• Dataset extract
━━━━━━━━━━━━━━━━━━━━━━━━━━━━━━

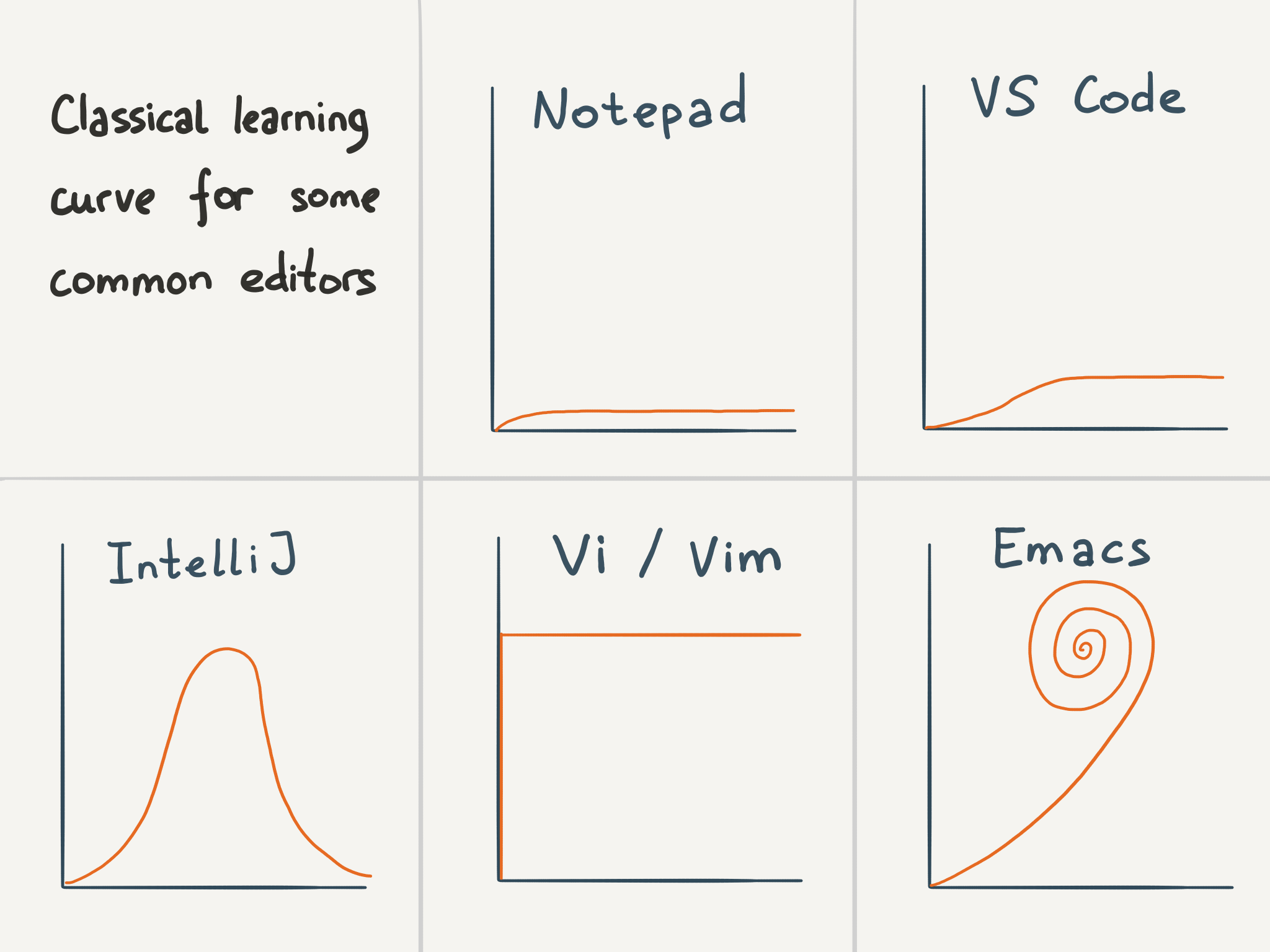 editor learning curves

━━━━━━━━━━━━━━━━━━━━━━━━━━━━━━

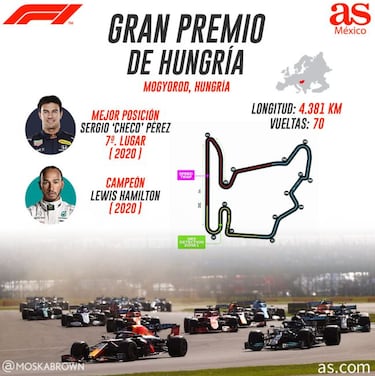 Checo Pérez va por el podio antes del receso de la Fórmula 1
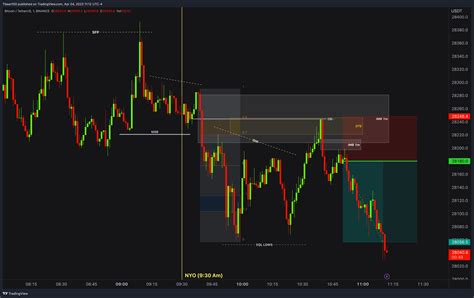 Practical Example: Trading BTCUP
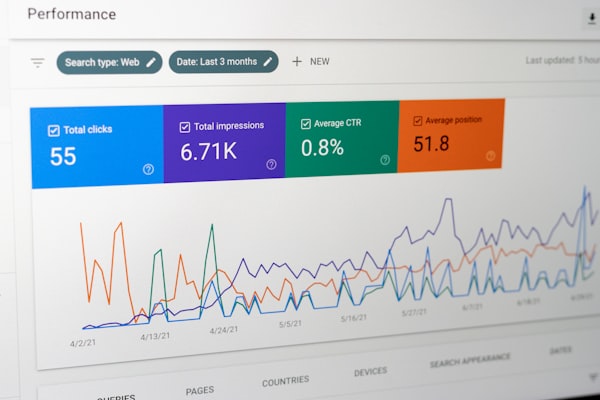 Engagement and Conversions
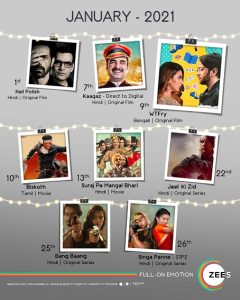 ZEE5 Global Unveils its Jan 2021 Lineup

━━━━━━━━━━━━━━━━━━━━━━━━━━━━━━

• Problem to solve
Leave out every picture, and copy exactly the lines above starting at the one holding "Engagement and Conversions" and ending at the one holding "ZEE5 Global Unveils its Jan 2021 Lineup", no more and no less.

• Reply to the exercise
 Engagement and Conversions
 ZEE5 Global Unveils its Jan 2021 Lineup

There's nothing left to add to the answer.